What is your favorite recording of Dvořák's fifth symphony? I am of course using the modern numbering for the symphonies (i.e. the "New World Symphony" is No. 9).

Feel free to elaborate on why a particular recording appeals or does not.

Thanks.


----------



## jim prideaux (May 30, 2013)

Jansons and the Oslo P.O.

No contest here.......one of my favourite symphonies (the final movement is simply wonderful) and I am forever indebted to Jansons as it was his recording that introduced me to this work. I have listened to a number of alternatives (Kubelik, Suitner, Jarvi, etc) but Jansons seems to find something extra in the work.


----------



## Olias (Nov 18, 2010)

Not easy to find but wow it's good.


----------



## Brahmsian Colors (Sep 16, 2016)

Witold Rowicki/London Symphony


----------



## Rogerx (Apr 27, 2018)

Staatskapelle Berlin/ Otmar Suitner for starters, Istvan Kertesz and Jirí Belohlávek. 
Happy exploring.


----------



## Merl (Jul 28, 2016)

All of the above are tremendous suggestions and I'd heavily recommend them all but Jansons / Oslo gets the slight nod over the competition, for me. You can pick that recording up on a budget Brilliant Classics release that's still floating around secondhand (see cover below - it has a blue cover too or is available on a single disc). As Jim says, it really is a mighty fine one.


----------



## Philidor (11 mo ago)

jim prideaux said:


> Jansons and the Oslo P.O.
> 
> No contest here.......one of my favourite symphonies (the final movement is simply wonderful) and I am forever indebted to Jansons as it was his recording that introduced me to this work. I have listened to a number of alternatives (Kubelik, Suitner, Jarvi, etc) but Jansons seems to find something extra in the work.
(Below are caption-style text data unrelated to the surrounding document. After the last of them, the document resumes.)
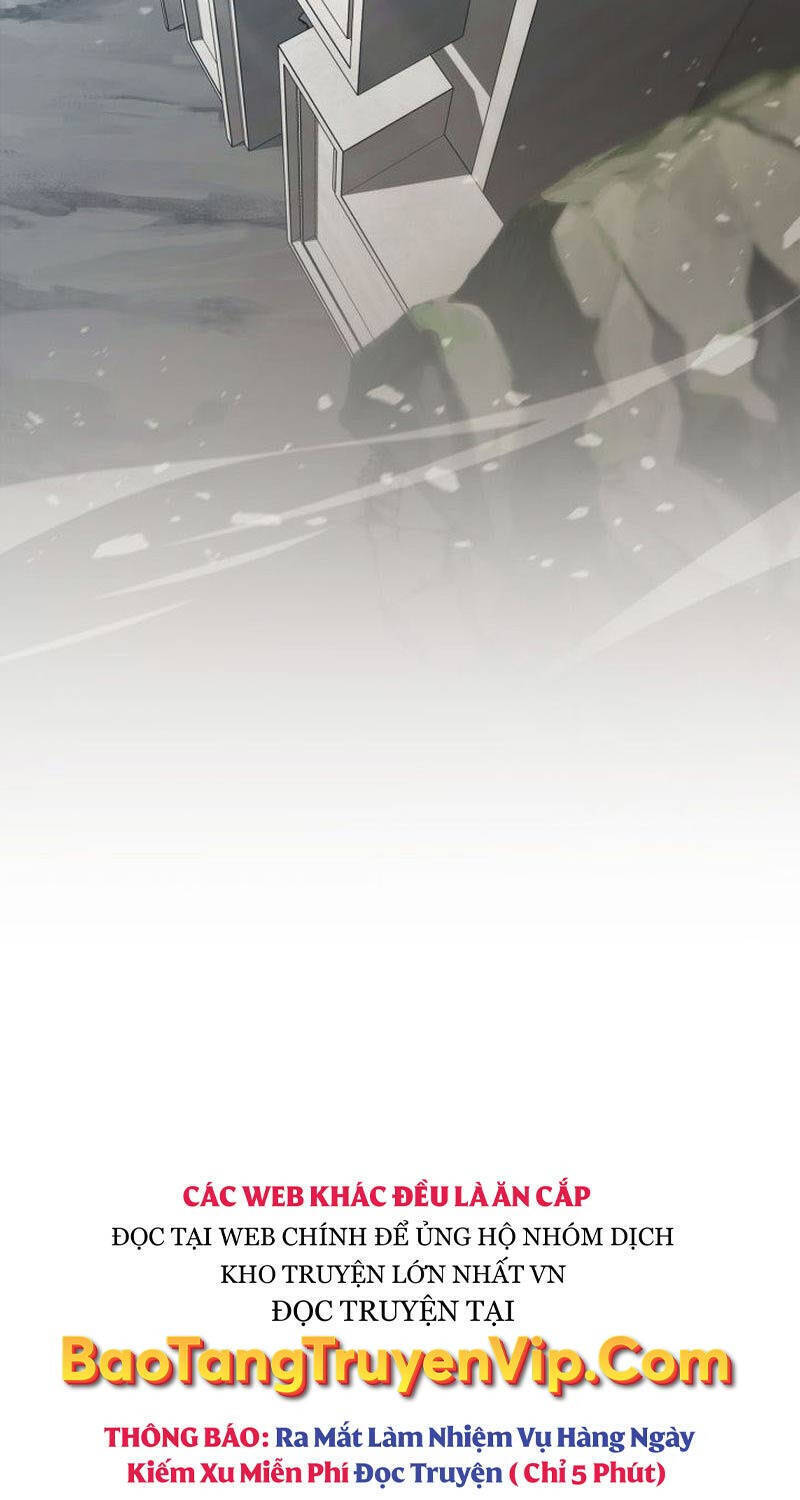 Sự Trở Lại Của Vị Thần Sức Mạnh Chapter  159 - 115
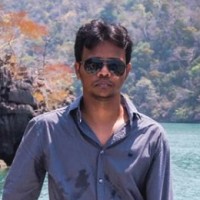 Mostafizur Rahman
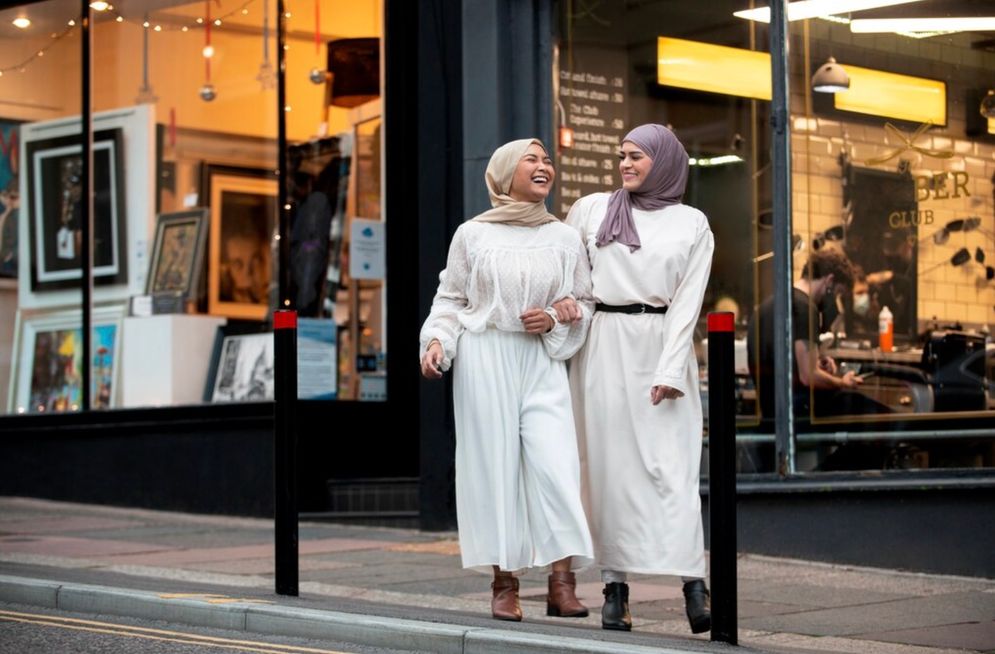 7 Belanja yang Harus Dikurangi Saat Ramadan In This Economy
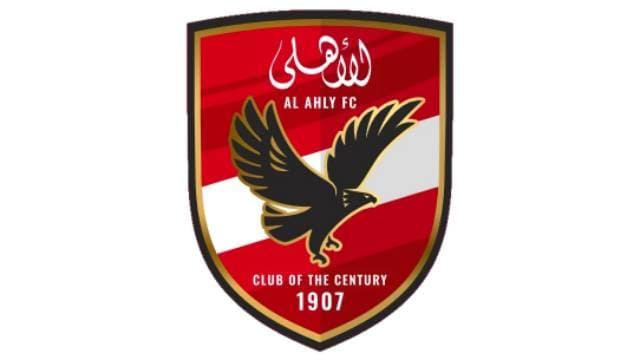 فوز الأهلي المهم في الدوري الممتاز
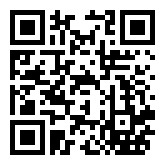 https://www.fou.net/post/213974.html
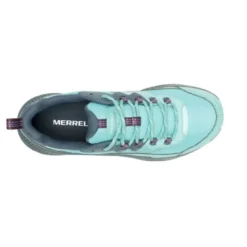 MerrellSpeed Strike 2 GTX - Chaussures randonnée femme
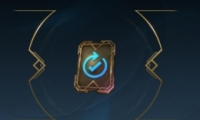 Ӣʹ÷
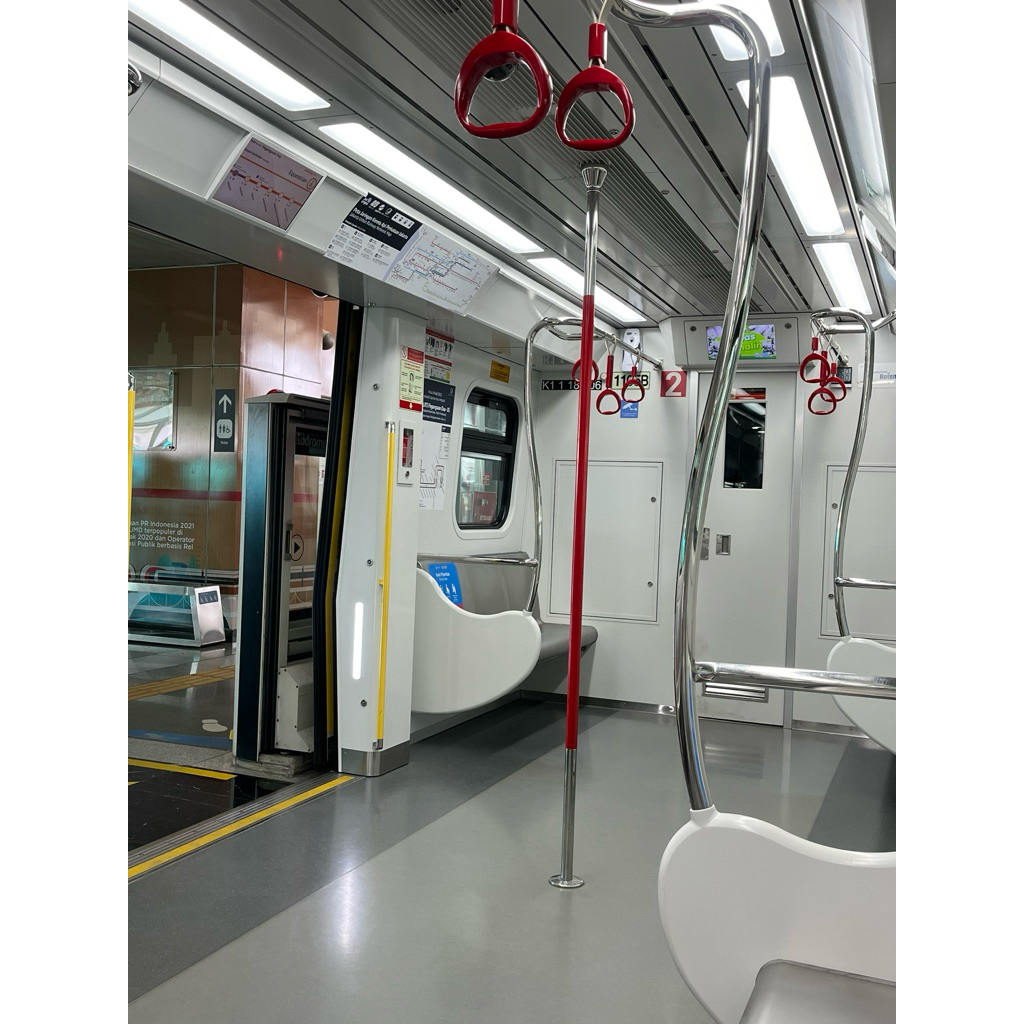 

stiker calle x snsb 2pcs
I fully agree ... Jansons is leading the field. I compared to Belohlavek, Suitner, Kertesz. I also appreciated Kubelik recording (DG), but it is quite full in sound, too much to my taste.

There are rumours that there was an excellent recording of Dvorak 5 with Sejna, but I don't know that one ...


----------



## Kreisler jr (Apr 21, 2021)

Sejna is Supraphon 1952; it was on CD but probably very hard to find. I have a cheapo twofer from Cantus/Line Music, 
EAN 4032250013833
ASIN ‏ : ‎ B00005CCZJ


----------



## Philidor (11 mo ago)

Thank you for pointing out the Supraphon recording! Just checked my streaming provider and found some more stuff with Sejna ... Dvorak 1-3 and 5-7, Slavonic Dances & Rhapsodies, ... next weekend to come ...


----------



## haziz (Sep 15, 2017)

Philidor said:


> I fully agree ... Jansons is leading the field. I compared to Belohlavek, Suitner, Kertesz. I also appreciated Kubelik recording (DG), but it is quite full in sound, too much to my taste.
> 
> There are rumours that there was an excellent recording of Dvorak 5 with Sejna, but I don't know that one ...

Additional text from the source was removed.